Wall Street hedge funds and institutional investors are getting anxious as stocks grind higher, and small-time retail investors are gladly buying the dip.
Money flowed out of stocks last week for the fourth straight week, and by a net $2 billion, according to Bank of America data released on July 19. Bank of America clients instead sought safety and flocked to fixed income via bonds, and they weren’t alone – US Treasury 10-Year Note yields sank to 1.3%.
Net sales of US stocks among Bank of America clients last week hit their highest level in five weeks, but strategists led by Jill Carey Hall noted a clear dichotomy between increasingly nervous big-money clients and retail investors emboldened to buy the dip.
“Selling was driven by institutional clients (largest in three months) and hedge funds clients (largest in two weeks) while retail clients were the largest buyers in four months,” Hall wrote.
Money flowed out of equity exchange-traded funds (ETFs) for the first time in about three months and at the highest rate since October, but money flowed into fixed-income ETFs at the largest rate in four weeks. Curiously, stocks saw weekly inflows for the first time in two months. Passive investing via ETFs and mutual funds instead of individual stocks is a multi-year trend.

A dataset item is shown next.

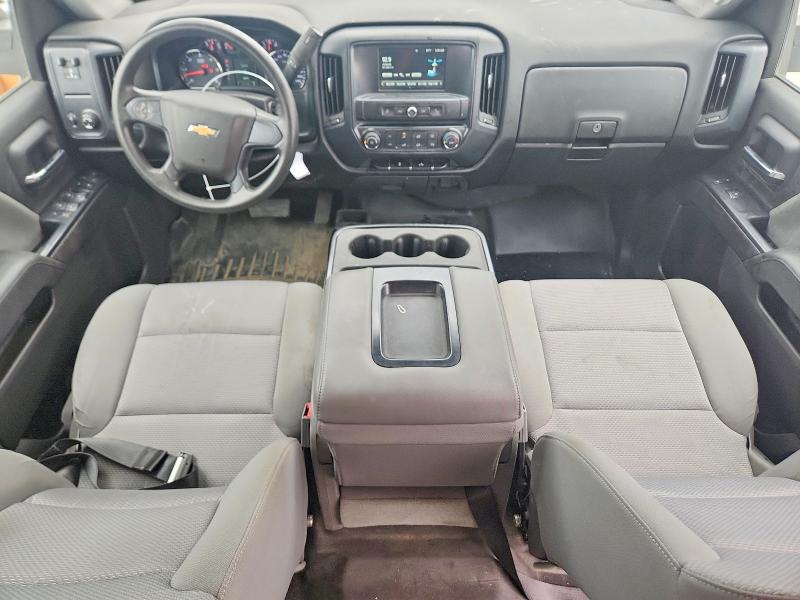 2018 Chevrolet Silverado მანქანა იყიდება აუქციონზე, vin: 3GCUKNEC7JG543855, აუქციონის ნომერი: 53812586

Broad market ETFs were sold last week at the highest rate since mid-March, while growth ETFs outflows were the highest since mid-January, the note read. Money also left blend and value ETFs, though the latter saw decelerating outflows from the prior week.

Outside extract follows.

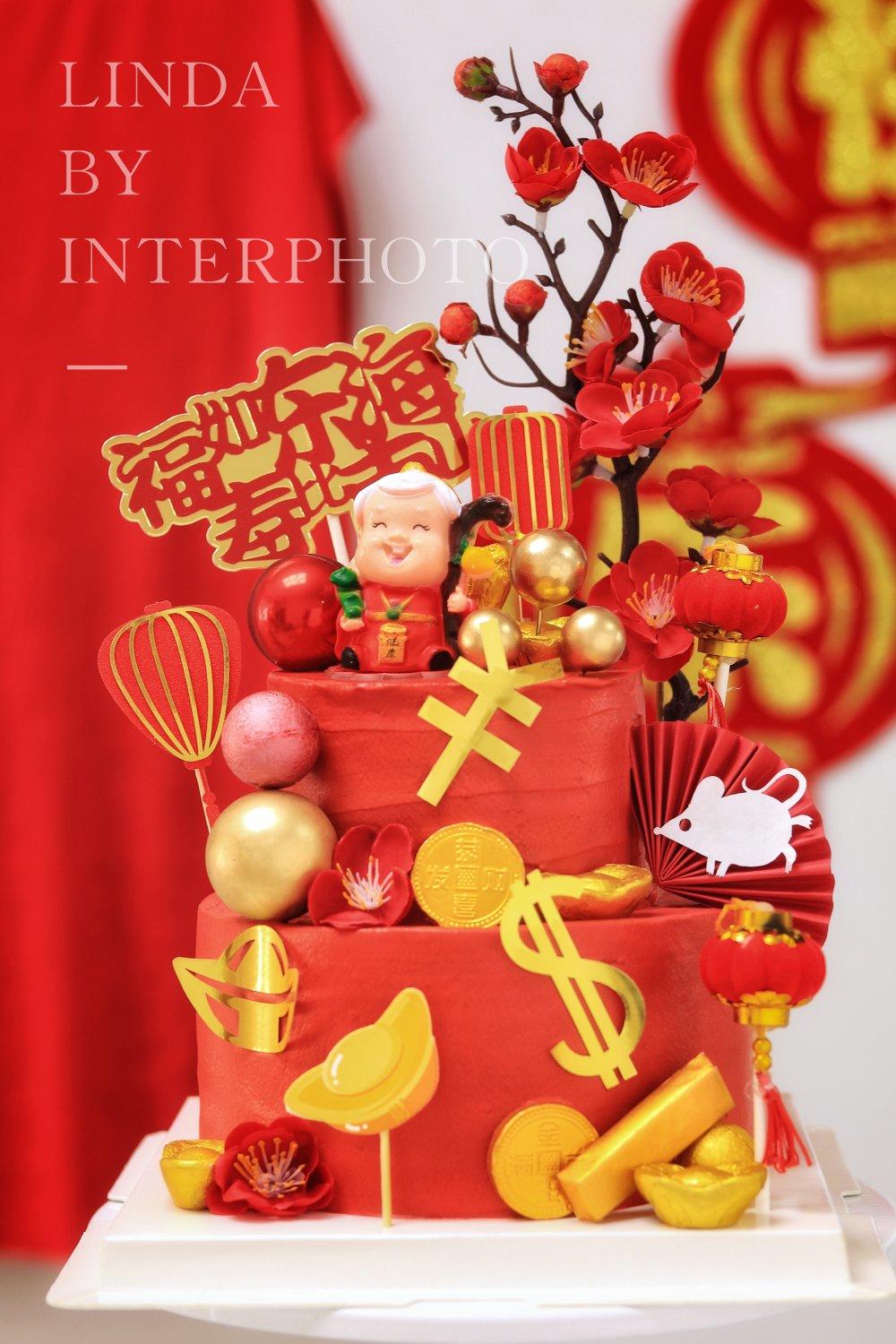 蛋糕图片欣赏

Bank of America clients got bearish on ETFs in eight of 11 sectors, including growth-focused sectors like Consumer Discretionary, Health Care, and Technology.
The three sectors that saw weekly inflows were Energy, Materials, and Real Estate. All three are inflation beneficiaries that thrived as the consumer price index came in higher than expected.
Small and mid-sized (SMID) companies generally outperform their large-cap peers early in economic expansions when inflation runs hot, as is the case now. Bank of America reiterated its preference for SMIDs over large caps, and clients last week took the bank's advice.
"Clients bought last week's SMID cap laggards with record flows into mid-caps and the biggest inflows into small caps since October 2020 while selling large caps by the most since mid-January," Hall wrote.
Stocks in six of 11 sectors saw net inflows, including cyclical sectors like Energy, Industrials, and particularly Financials, which saw its largest inflows since March 2020 on the back of last week's strong bank earnings.
By contrast, Bank of America clients ditched growth sectors like Healthcare, Technology, and Communications Services, the latter of which suffered its 14th-largest outflow on record.